私としては片っぱしから冷凍して保存食にしてやれと思っていたのですが、ワインがいいのか何なのか、これがけっこうおいしくて、できたそばから次々食べてしまって、ちっとも保存食ができない。今日やっと、さすがに少し飽きたので、パックにつめて冷凍しました。家の片づけと言いながらこんなことしてるから、そりゃ仕事も進まないはずだ。ごみの中から発掘した昭和十年の絵葉書を使えるかどうかと、つい友だちに出してしまったり、そんなことばっかりしてるんだもんなあ。
今日も、庭の片付けと、家の片付けと、その他したくてたまらない仕事がぎゅうぎゅうで、宇宙旅行とオペラ見物とマラソン大会をいっぺんに前にしたような、うれしい悲鳴。しかも実際には、ちょっと動いたらアヘアヘと寝てしまって、猫をなでたりテレビを見たりしょうもない文庫本を読んだりして、時間が過ぎてしまうんだよなあ。
そのテレビでは渋谷区の豪華なトイレが海外の観光客に話題で、ツアーまで催されているというニュースが流れていた。それ自体には文句はないけど、誰でもが使えるわけじゃなさそうで、そこは何ともグロテスクだなあ。みすぼらしくて金もなくて契約もできないホームレスの人とかは、切迫してても目の前の豪奢なトイレを、指をくわえて肛門をしめて、ながめているしかないのかしら。

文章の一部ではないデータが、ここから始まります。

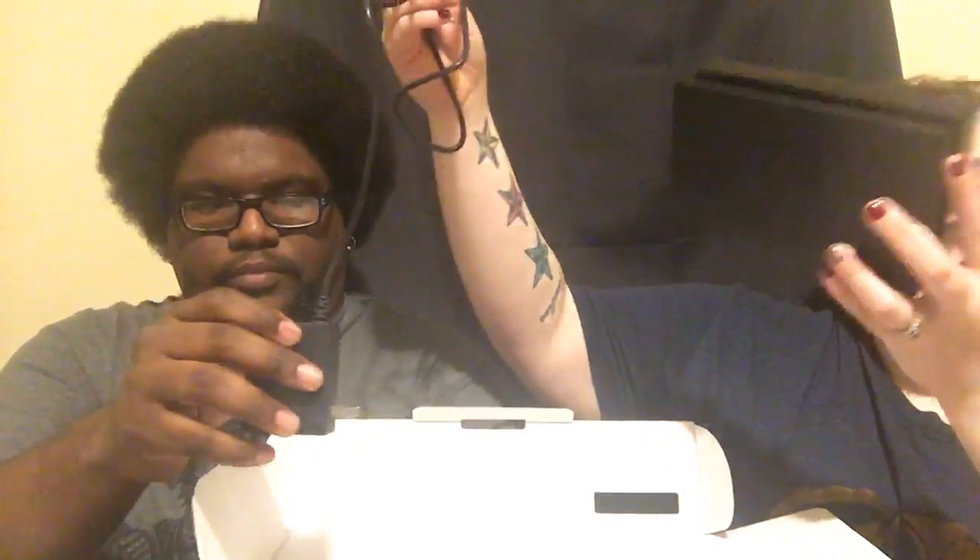In the box you get the USB-C adapter to charge everything. You also get the dock, which charges the Switch while you're playing on your TV - so you don't necessarily need to carry the charger when you're on the go. It also comes with an HDMI cable, and it comes with wrist straps that wrap around your wrist if you're playing games like Arms.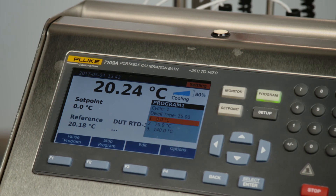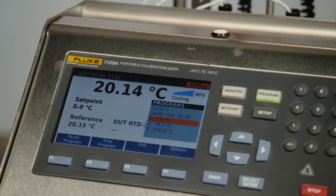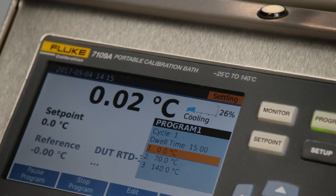On the display, you'll see the date and time, bath set point, and reference probe temperatures. The upper right-hand corner of the display includes control indicator and heating or cooling status. The control indicator will show stable when the bath fluid is at the set point and ready for temperature measurement. A ready indicator on the top of the bath changes from amber to green when the bath has stabilized at the set point temperature, indicating that the bath is ready for you to collect data.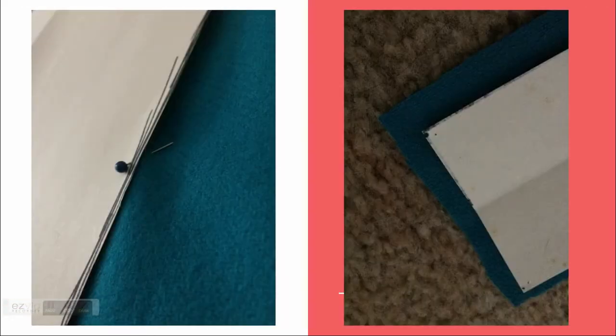Pin the patterns to the fabric and cut around them, leaving about half an inch around the edges.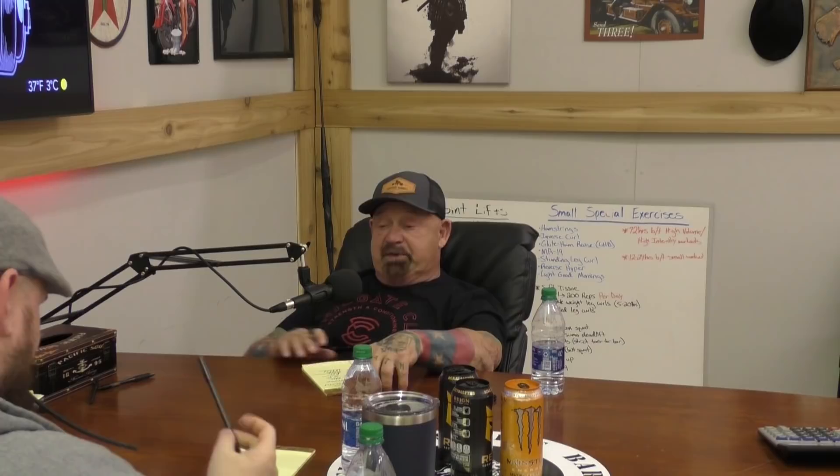Too many runners tell me their big problem running is their lower back gives out. Well, you've got a weak lower back — just build it up. See that reverse hyper — use it. That will solve it.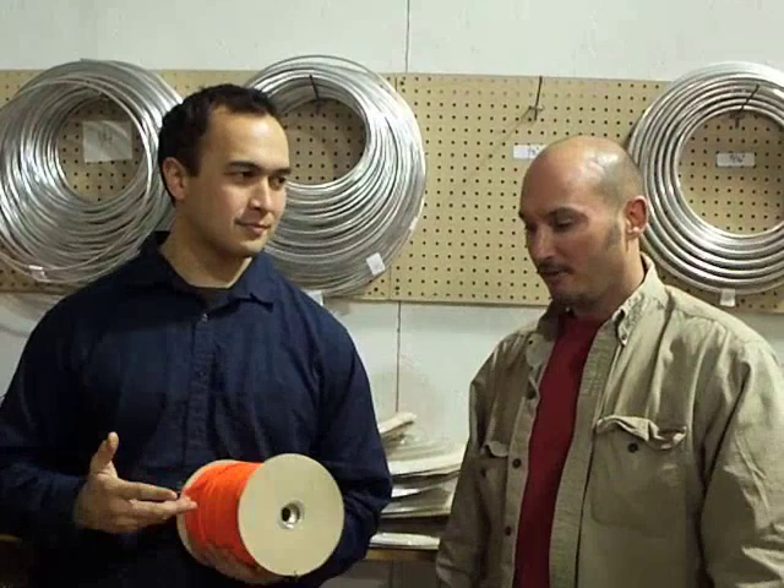Welcome to another edition of the CampingSurvival.com video blog. We figured while Kevin Estella from the Wilderness Learning Center and the rest of our friends are visiting, we'd get a little more fun out of them. So we decided to ask Kevin if he'd make some knots for us out of our different multicolored paracords.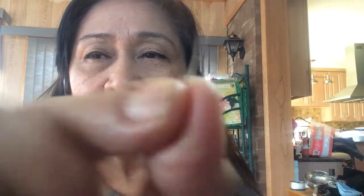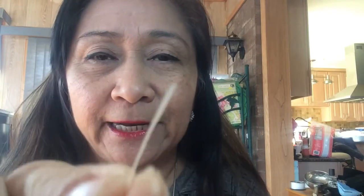My right eyelid tends to fold a little lower than my left, so I apply the tape after I put on my foundation. It's not shiny, as you can see, and it's very tiny — just about a few strands of hair wide. The beauty of a band-aid is you can style it however you want.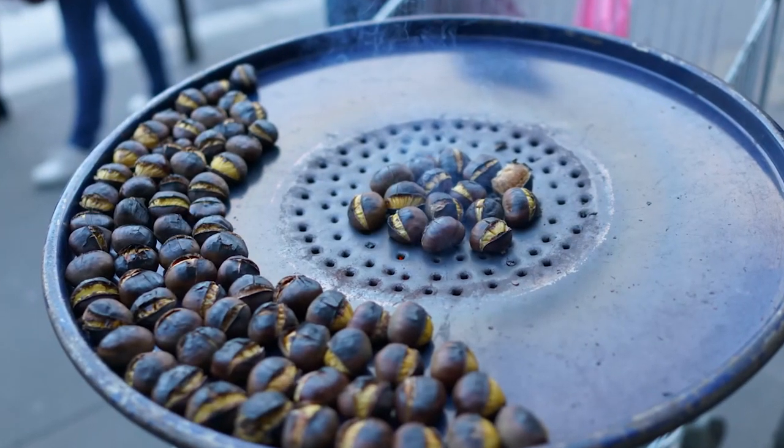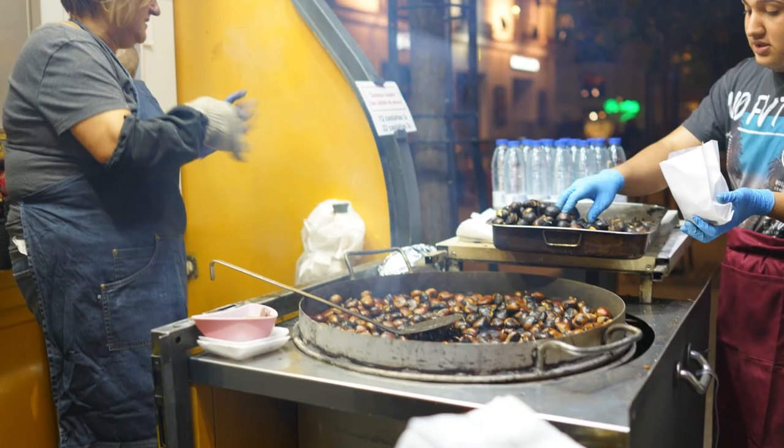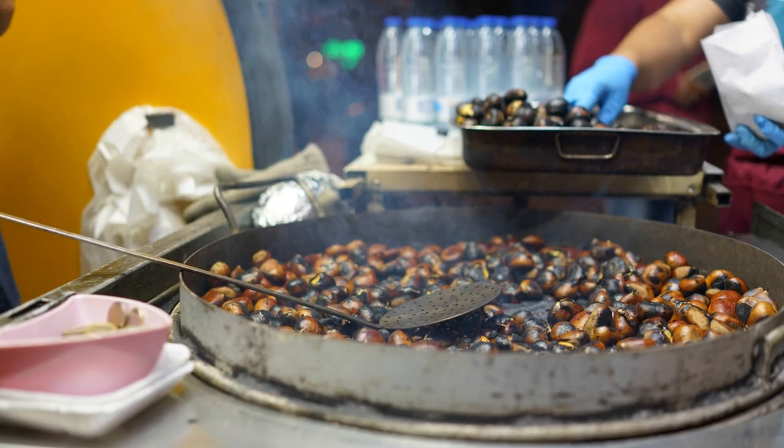Hashtag true story. Chestnuts are in season from September to January, and during these times on the street corners of Europe you can see chestnuts roasting on an open fire. You can get a little warm bag — it's a great experience.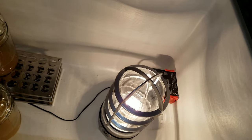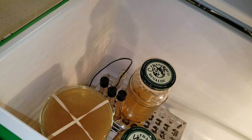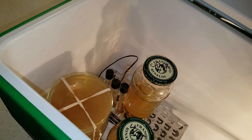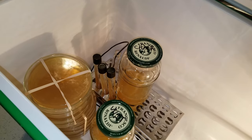The temperature probe goes from the controller into a test tube that I have sitting over here with just water in it. That way you don't have great fluctuations in the temperature. Next to the test tube that has the probe in it, you can see the test tubes — the slants from the previous videos.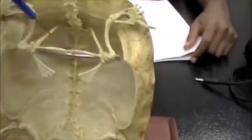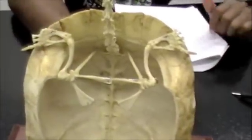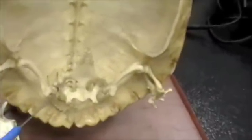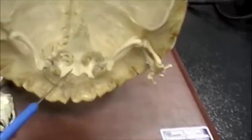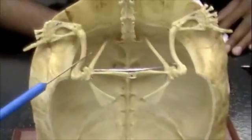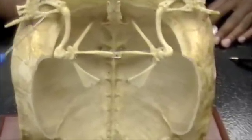And the acromion are these back here. Acetabulum is here. And the pubis. Humerus. Ulna, radius.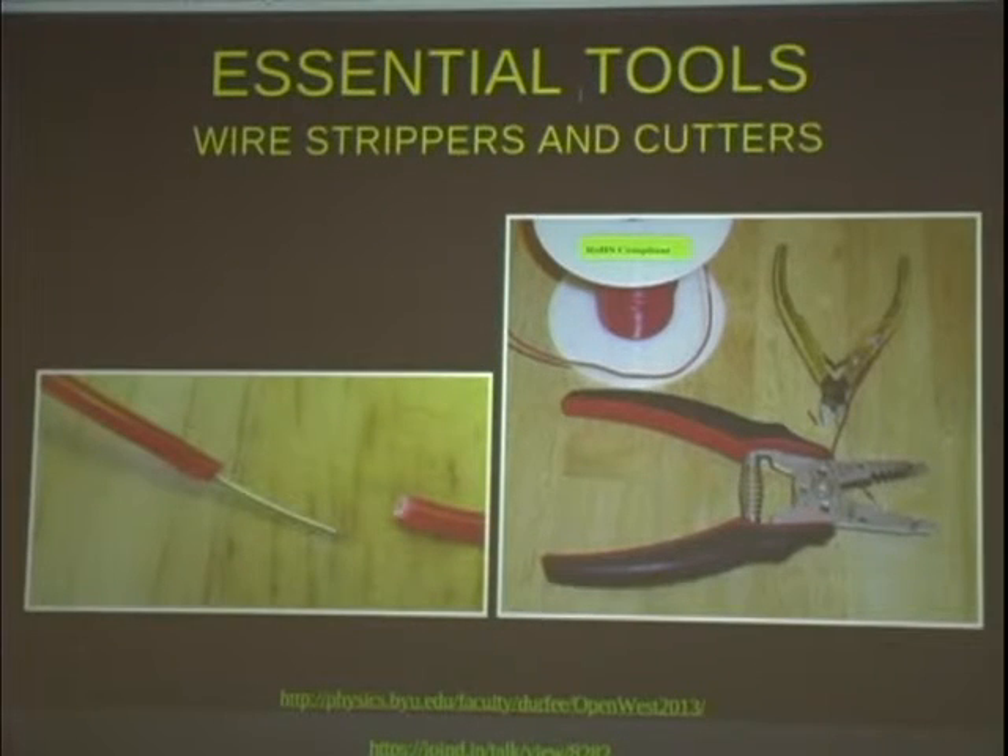Once you've got your wire, you need something to cut it with and something to strip the insulation off with. Wire strippers have little holes in them of different sizes with a marking telling you what gauge to use. It's a good idea to use the hole with the correct gauge — if it's too small, it'll nick your wire and that nick will eventually become a break. Wire strippers usually have a little cutter on them, but I like to have a little side clipper as well for trimming resistor leads.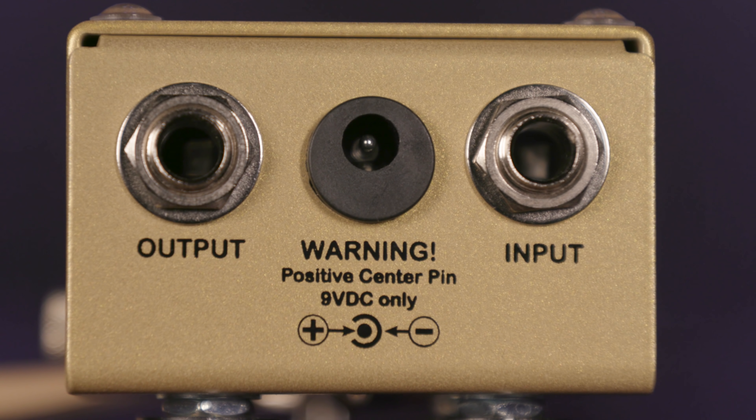More importantly, if you use a 9-volt adapter, it must have a center positive connector, which is the opposite of most pedals. Using a reverse adapter will do the trick, and of course you can always use a standard 9-volt battery.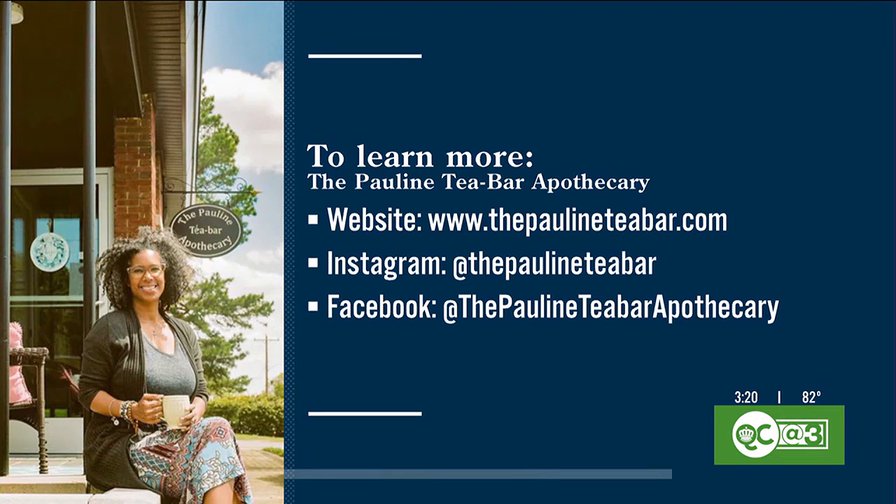The Pauline Tea Bar Apothecary — thank you for coming to see us, we always adore you. This is so good. I'll take one and try it because I do want to try the matcha. It is good!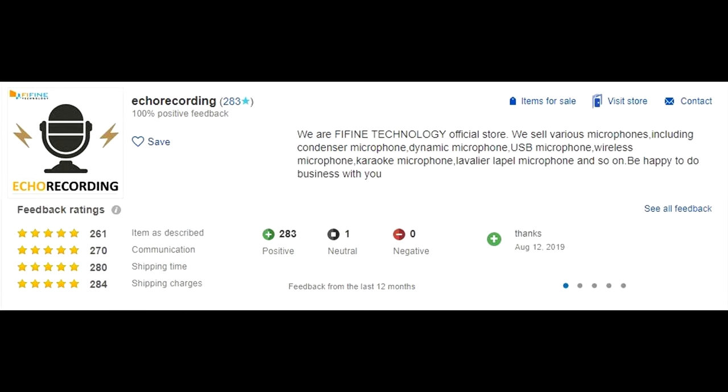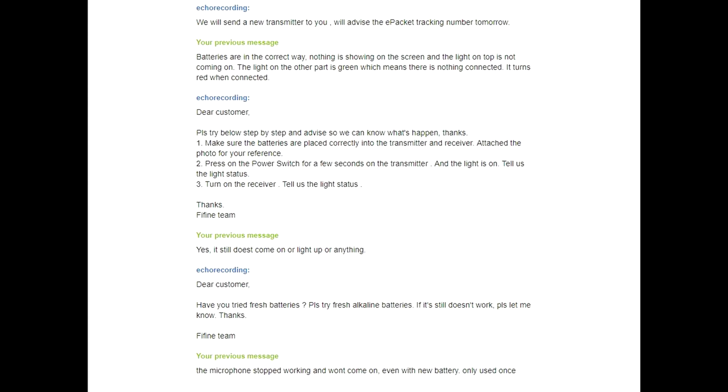I contacted the company and they were gracious enough to send me another one. I sent them pictures showing it was still intact and just not working, and they sent me a replacement. So this is really what it consists of — it comes with the mic and a clip on the back so you can clip it to your belt loop or pants.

汚れまくった公衆トイレのおぞましさは、私もよく知っているから、そこを芸術的にきれいにするという、この発想は魅力的だし、まったく正しいと思う。だけど、どんな人でも安心して入れる質素だけど清潔なトイレも、きちんといっぱい作ってほしい。というよりか、豪華なトイレに入れないような貧しいみじめな、心も荒れた人をなくせよ、世の中から。いきなりは無理でも、そういう方向を、こういうことをきっかけに、あらためてめざしてほしい。そして、これもまったく政府の責任だけど、まだ水が出ない被災地のトイレがあることを、反射的に連想してしまう私は、どのくらい世の中の少数派なんだろう。